6 Mart 2024 Çarşamba

Disappearing Printer Ink: A Case Study in Employee Fraud

Despite futurists’ predictions, we don’t live in a paperless business world. Printer ink and toner are still an expensive necessity. Fraudsters depend on ink costing organizations more than caviar. Here’s how to prevent this asset misappropriation and possibly save millions.


In the city of Las Vegas, known for its high-stakes games and big winners, a different kind of gamble was taking place. This time, the player was not a tourist trying their luck, but a municipal purchasing analyst named Jennifer J. McCain-Bray. Over eight years, she managed to steal $6,715,531 worth of toner and ink cartridges from her employer, the Las Vegas Valley Water District.

The Scheme

McCain-Bray’s fraud was simple yet effective. She would order unneeded cartridges and ship them under a fake vendor name to a company in New Jersey that bought and sold toner and ink online. This fake vendor allowed McCain-Bray to misuse the water district’s shipping system, which even paid postage on the stolen cartridges.

The Fallout

McCain-Bray’s scheme came to an end when a coworker became suspicious about a package addressed to the fake vendor. This led to a review of purchasing records, and McCain-Bray resigned in December 2015. She was eventually sentenced to 51 months in federal prison and ordered to pay back the entire $6.7 million.

The Bigger Picture

This case is not an isolated incident. According to the ACFE 2020 Report to the Nations, theft of noncash property, such as office supplies, rose from about 10% to 18% of fraud cases between 2002 and 2020. Despite predictions of a paperless business world, printer ink and toner remain an expensive necessity, and fraudsters are capitalizing on this.
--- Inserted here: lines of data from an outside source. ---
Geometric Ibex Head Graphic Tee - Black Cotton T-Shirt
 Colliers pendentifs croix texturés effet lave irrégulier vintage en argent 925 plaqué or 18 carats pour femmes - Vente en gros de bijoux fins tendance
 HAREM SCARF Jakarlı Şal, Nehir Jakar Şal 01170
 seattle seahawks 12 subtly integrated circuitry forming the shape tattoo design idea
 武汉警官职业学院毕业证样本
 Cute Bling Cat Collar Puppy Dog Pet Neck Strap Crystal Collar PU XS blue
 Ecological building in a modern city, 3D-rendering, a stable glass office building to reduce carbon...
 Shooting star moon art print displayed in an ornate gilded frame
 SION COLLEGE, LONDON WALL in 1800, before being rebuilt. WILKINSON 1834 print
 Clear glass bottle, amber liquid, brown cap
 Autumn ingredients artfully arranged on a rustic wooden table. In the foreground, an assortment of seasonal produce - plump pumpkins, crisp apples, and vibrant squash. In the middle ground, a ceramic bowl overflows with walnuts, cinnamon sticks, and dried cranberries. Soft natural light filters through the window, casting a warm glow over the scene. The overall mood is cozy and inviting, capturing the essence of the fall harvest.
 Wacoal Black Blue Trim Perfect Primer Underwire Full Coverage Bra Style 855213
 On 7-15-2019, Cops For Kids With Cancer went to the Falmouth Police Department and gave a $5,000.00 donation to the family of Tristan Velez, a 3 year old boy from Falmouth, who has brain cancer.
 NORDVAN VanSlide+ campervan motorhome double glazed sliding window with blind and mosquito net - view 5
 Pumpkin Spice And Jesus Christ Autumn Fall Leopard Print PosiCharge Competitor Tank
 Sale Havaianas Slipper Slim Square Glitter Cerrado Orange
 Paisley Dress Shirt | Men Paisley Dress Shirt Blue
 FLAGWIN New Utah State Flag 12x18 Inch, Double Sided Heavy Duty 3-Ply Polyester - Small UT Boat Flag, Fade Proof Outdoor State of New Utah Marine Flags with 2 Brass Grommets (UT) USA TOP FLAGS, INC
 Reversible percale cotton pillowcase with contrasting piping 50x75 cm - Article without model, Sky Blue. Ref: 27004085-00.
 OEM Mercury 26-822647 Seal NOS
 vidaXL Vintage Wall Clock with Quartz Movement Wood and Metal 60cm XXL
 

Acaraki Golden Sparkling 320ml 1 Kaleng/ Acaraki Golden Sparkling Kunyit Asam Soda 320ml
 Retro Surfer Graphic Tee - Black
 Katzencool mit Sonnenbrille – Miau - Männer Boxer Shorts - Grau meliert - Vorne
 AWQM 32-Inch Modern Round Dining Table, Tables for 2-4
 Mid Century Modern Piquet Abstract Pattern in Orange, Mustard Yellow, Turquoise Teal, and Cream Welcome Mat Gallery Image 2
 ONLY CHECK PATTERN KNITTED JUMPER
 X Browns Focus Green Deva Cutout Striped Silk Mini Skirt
Printer toner and ink are popular theft targets because of their high retail prices and ease of resale.

Key Lessons Learned

The case of Jennifer J. McCain-Bray serves as a stark reminder of the potential for employee fraud within any organization. Here are some key lessons that can be learned from this case:

  • Vigilance is Key: Regular audits and checks can help detect fraudulent activities early. In this case, a coworker’s suspicion led to the discovery of the fraud.
  • Robust Internal Controls: Having strong internal controls can prevent such incidents. This includes having checks and balances in place for ordering and shipping items.
  • Foster a Culture of Ethics: Encouraging a culture of transparency and ethics can deter employees from engaging in fraudulent activities.
  • Regular Training: Regular training on ethics and the potential consequences of fraud can help employees understand the seriousness of such actions.
  • Encourage Reporting: Create a safe and anonymous way for employees to report suspicious activities. This can help in early detection and prevention of fraud.